> [Exercise requirements]: Retype the whole listing below exactly, keeping every picture out of it.

> [Data block]:
%%
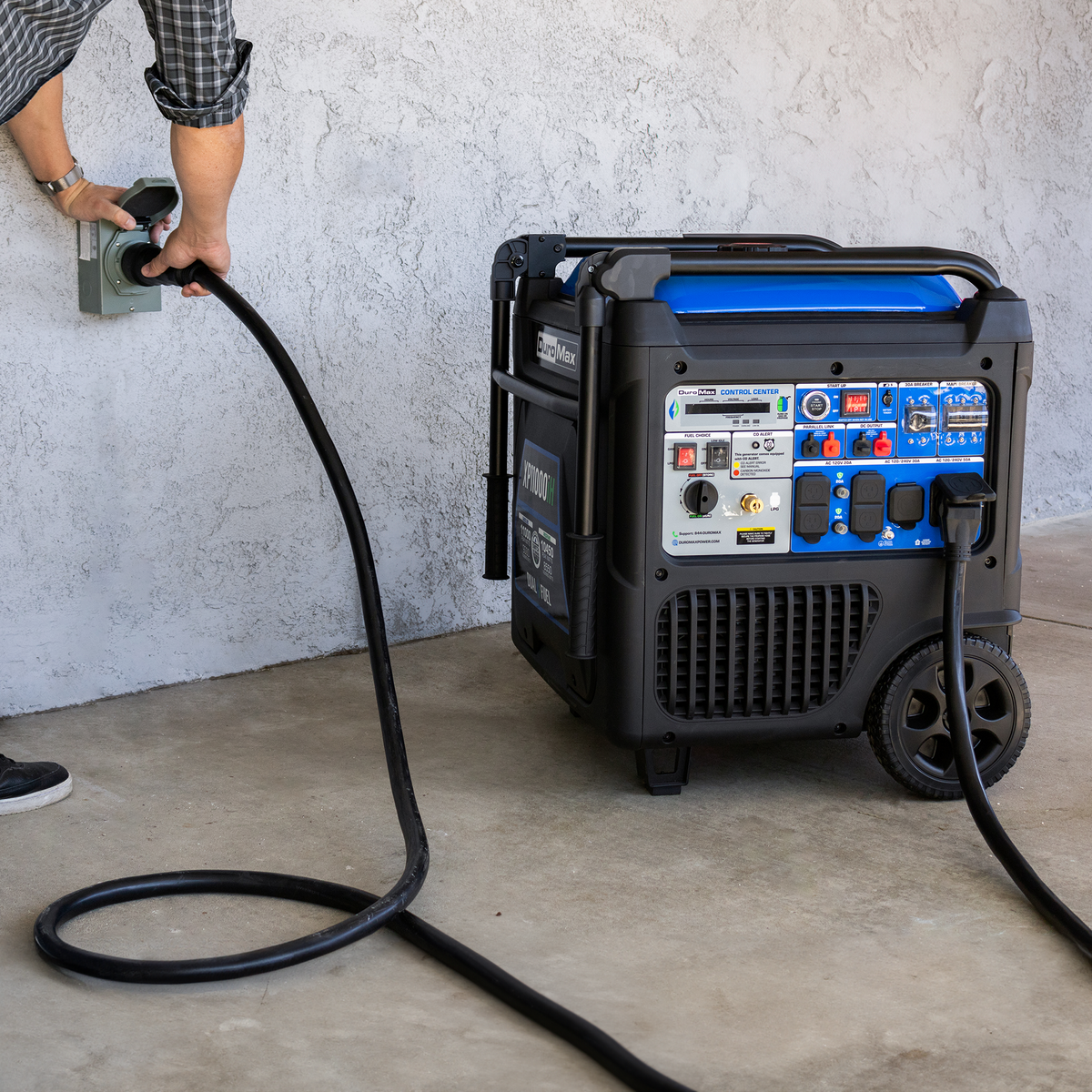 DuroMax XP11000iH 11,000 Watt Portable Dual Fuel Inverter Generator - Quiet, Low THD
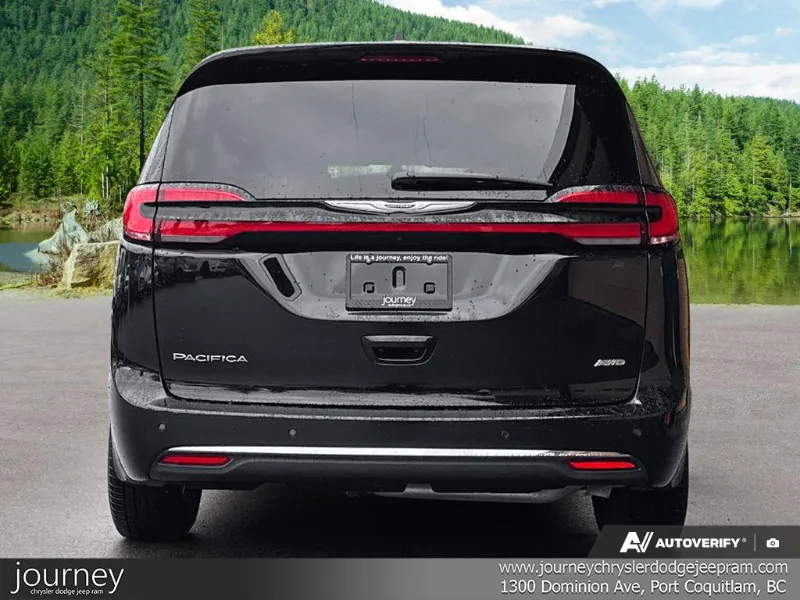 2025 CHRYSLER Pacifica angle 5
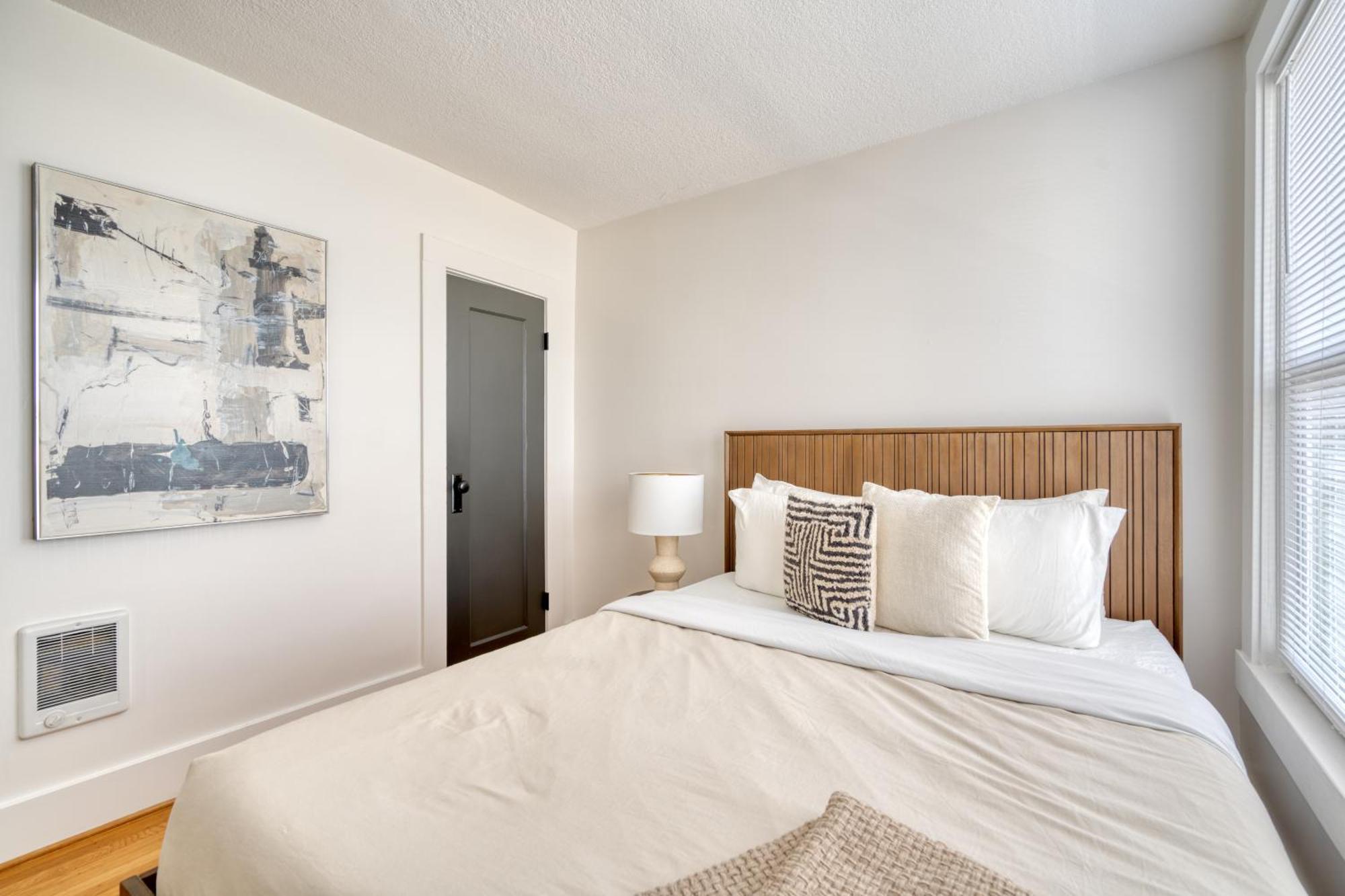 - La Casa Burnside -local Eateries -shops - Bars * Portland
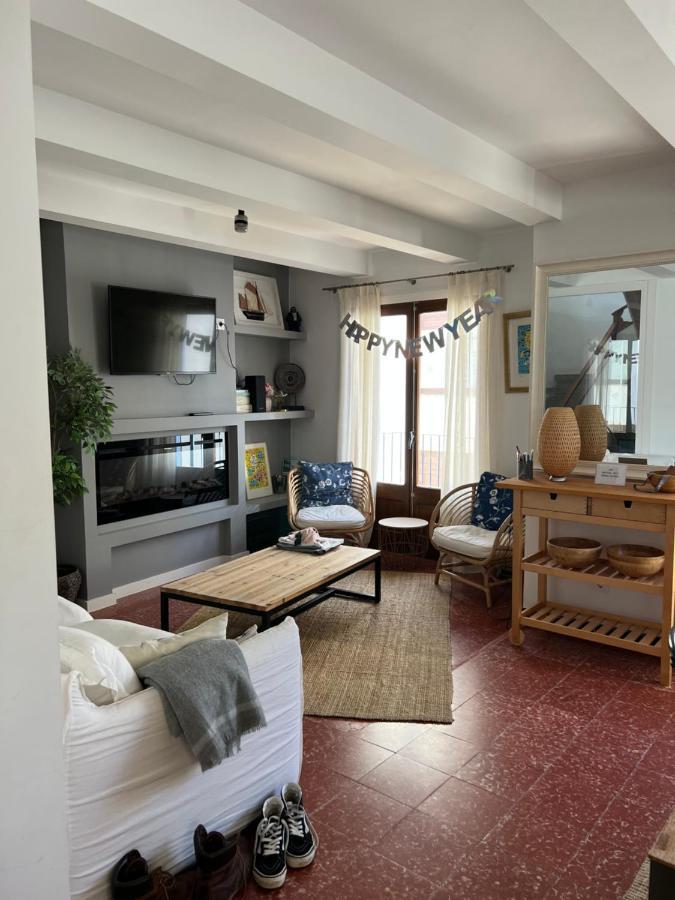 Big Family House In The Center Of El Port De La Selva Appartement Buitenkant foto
%%
> [Output]:
 DuroMax XP11000iH 11,000 Watt Portable Dual Fuel Inverter Generator - Quiet, Low THD
 2025 CHRYSLER Pacifica angle 5
 - La Casa Burnside -local Eateries -shops - Bars * Portland
 Big Family House In The Center Of El Port De La Selva Appartement Buitenkant foto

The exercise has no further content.